La Valencia marks a milestone

Posted on Dec. 5, 2016

When it comes to anything labeled “historic,” there’s a fine line between being a classic and becoming a relic. It’s a line of which La Valencia, the iconic La Jolla hotel, doesn’t want to cross to the wrong side. “We’re always going to be historic, but we really strive to be ‘classically vintage,’ which allows us to be more edgy, grow with each generation, and make sure we’re not getting pigeonholed into something that’s not relevant anymore,” says Mark Dibella, La Valencia’s managing director.

“The Pink Lady” Turns 90
La Valencia Hotel

The history of this central fixture of downtown La Jolla features a colorful 90-year evolution flecked with Hollywood glamour, arts, literature, and even war. For the first 40 years it was luxury apartments, then an apartment hotel and popular rest stop for celebrities between the Del Mar Race Track and Tijuana casinos. The hotel’s eateries made La Valencia  a culinary destination in an area relatively devoid of top-quality restaurants at the time.

“The Pink Lady” Turns 90
The outdoor patio of The Surf Room (now THE MED) hosts a business luncheon in the late 1960s

Legend has it that La Jolla fixture Gregory Peck came up with the idea for the La Jolla Playhouse in the hotel lobby, where he regularly gathered with friends. Theodore Geisel penned some of his Dr. Seuss works at the hotel, inspired by his view of some odd-looking trees in the adjacent Ellen Browning Scripps Park. Novelist Raymond Chandler even mentions the hotel and Whaling Bar in his books. Perhaps one of the most beloved visitors, though, is Selma Malk, who checked in to La Valencia 33 years ago, and never left; the hotel has even named a cocktail after her. During World War II, its tower was used as a lookout against a potential Japanese invasion. La Valencia has also played a part in the evolution of both the La Jolla Music Society and the La Jolla Historical Society.

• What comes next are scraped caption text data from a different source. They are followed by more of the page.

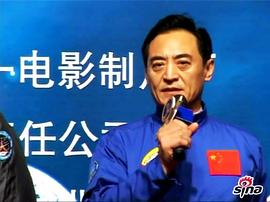 赵晓明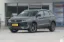 2025 GEELY Coolray Binyue L Internationale Beyond edition 1.5T Automatique Minimum image 1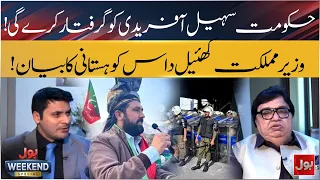Government Will Arrest Sohail Afridi! Khail Das Kohistani Speaks | Bol Weekend Special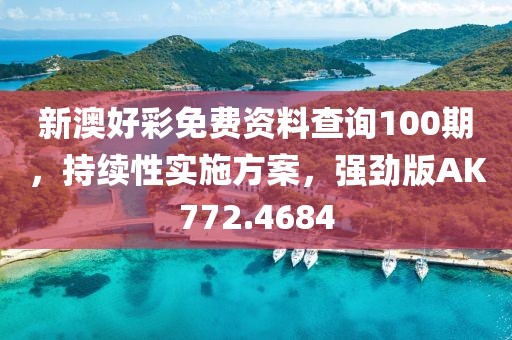 2024年11月 第537页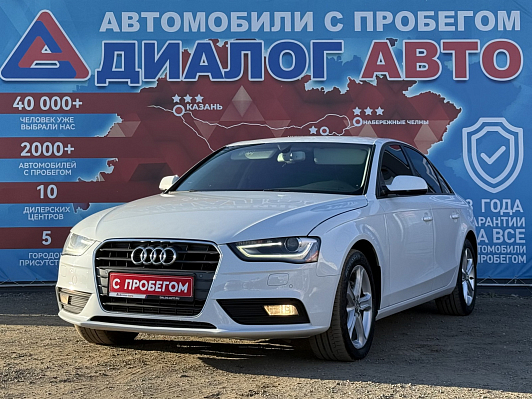 Audi A4 Comfort, 2014 года, пробег 206000 км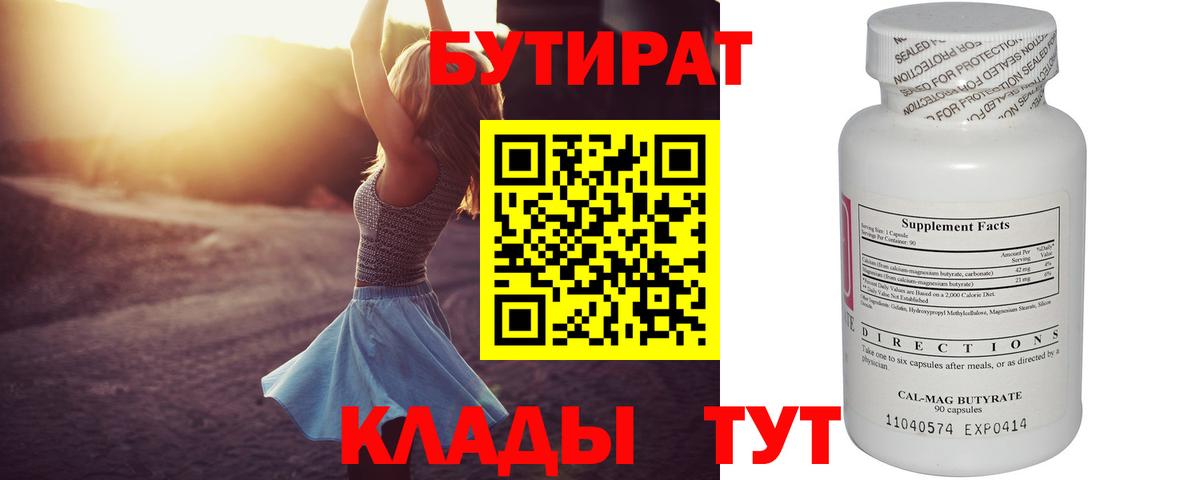Егорьевск  Бутират бутандиол  Вход с VPN 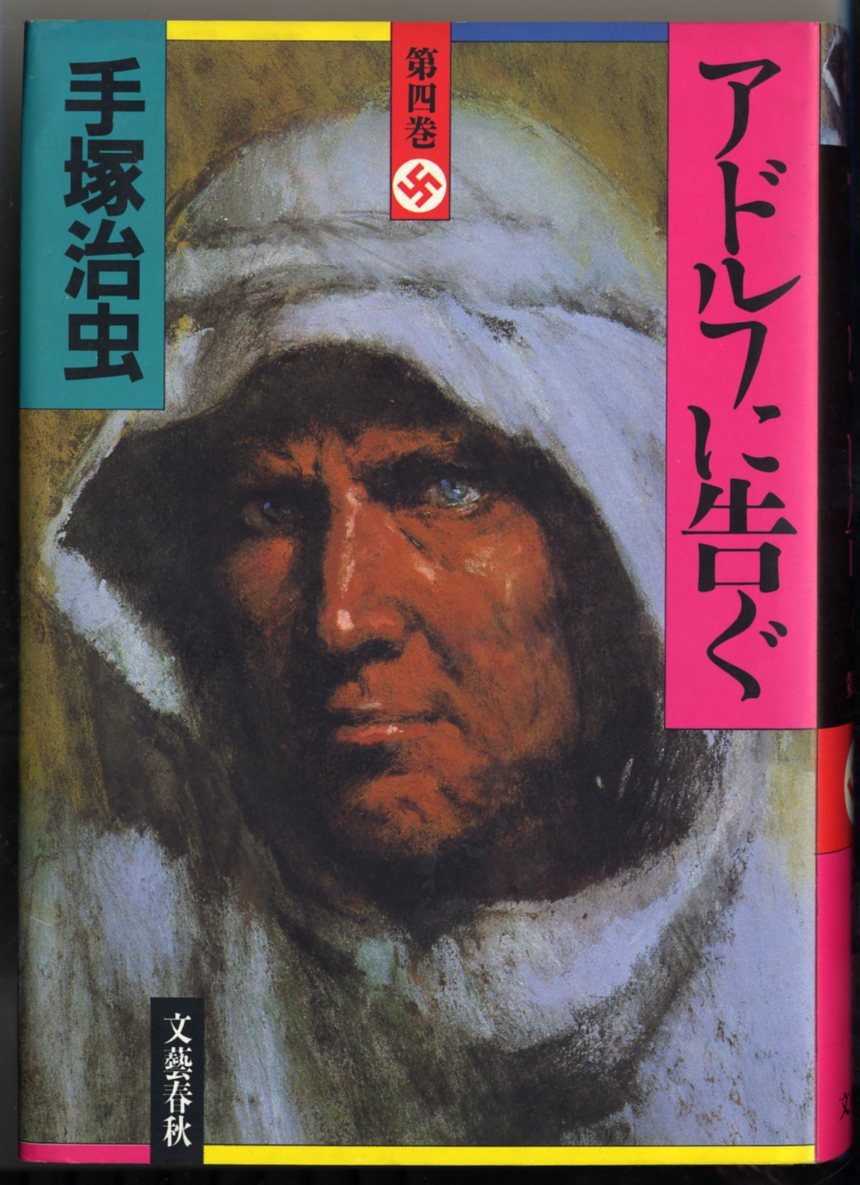 【文藝春秋】アドルフに告ぐ・全4巻 / 手塚治虫 アドルフに告ぐ 全4巻セット - books used and new, flower works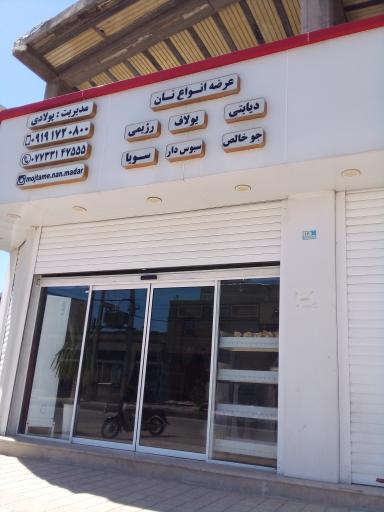 عکس مجتمع نان مادر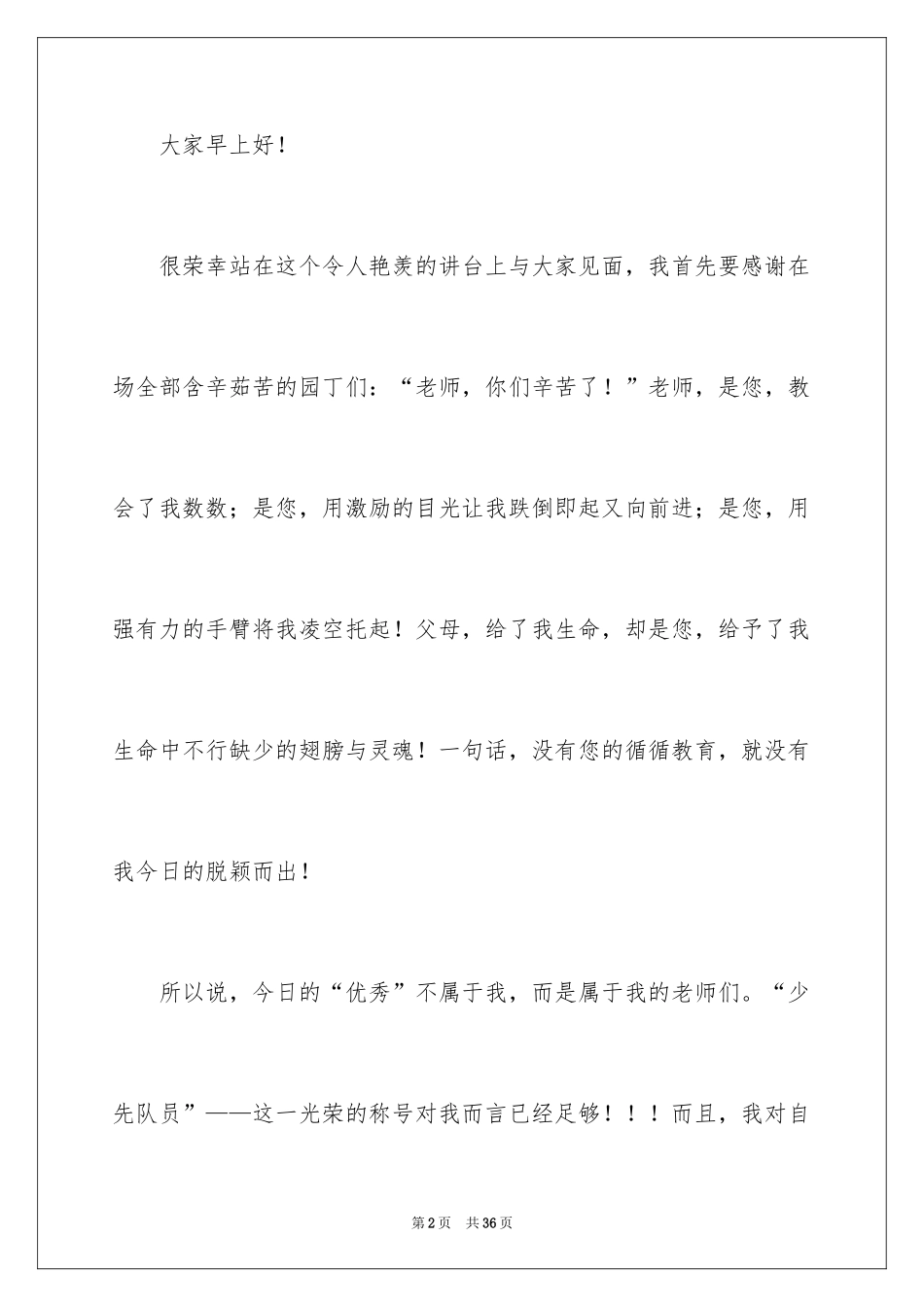 2024中学生演讲稿_1636_第2页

“I love the idea that things that are so renowned for San Diego, La Jolla, and the country started somewhat as an idea or a thought under our roof,” says Dibella.

The Pink Lady, as it’s lovingly called, has in fact only been pink since the late 1950s, after its owners at the time visited two iconic pink hotels — the Royal Hawaiian and Boca Raton Resort & Club — and chose the distinctive shade to update the classic Spanish colonial white stucco. The shade, now trademarked and sold at Frazee Paint stores, is named “La Valencia Pink.” Long before the paint job, however, the “Pink Lady” moniker was derived from a tile medallion in the hotel’s Wedding Garden. On the grounds since 1928, the tile features a beautiful Spanish maiden wearing a pink dress, a true “pink lady,” gazing out at a view of the ocean that has remained virtually unchanged since that time.

“The Pink Lady” Turns 90
The “pink lady” tile in La Valencia’s wedding garden

Despite an appreciation for its storied history, La Valencia, or “La V” as it’s also known, continues to anticipate and adapt to the demands of an increasingly diverse and demanding travel consumer. Its latest introduction, the Icon Collection of three unique luxury suites, is the hotel’s take on a “presidential suite.” In mid-2017, the hotel will debut Spa La V, which Dibella says is a move that will also bring a name change: La Valencia Resort & Spa. A limited, exclusive social membership program, Club 1926, is also planned to debut next year.

To the people who call La V “your grandmother’s hotel,” Dibella replies, “It was your grandmother’s hotel if she was the sexiest woman on the block — she is an edgy girl, she has continued to reinvent herself, and I think she’s never looked better.”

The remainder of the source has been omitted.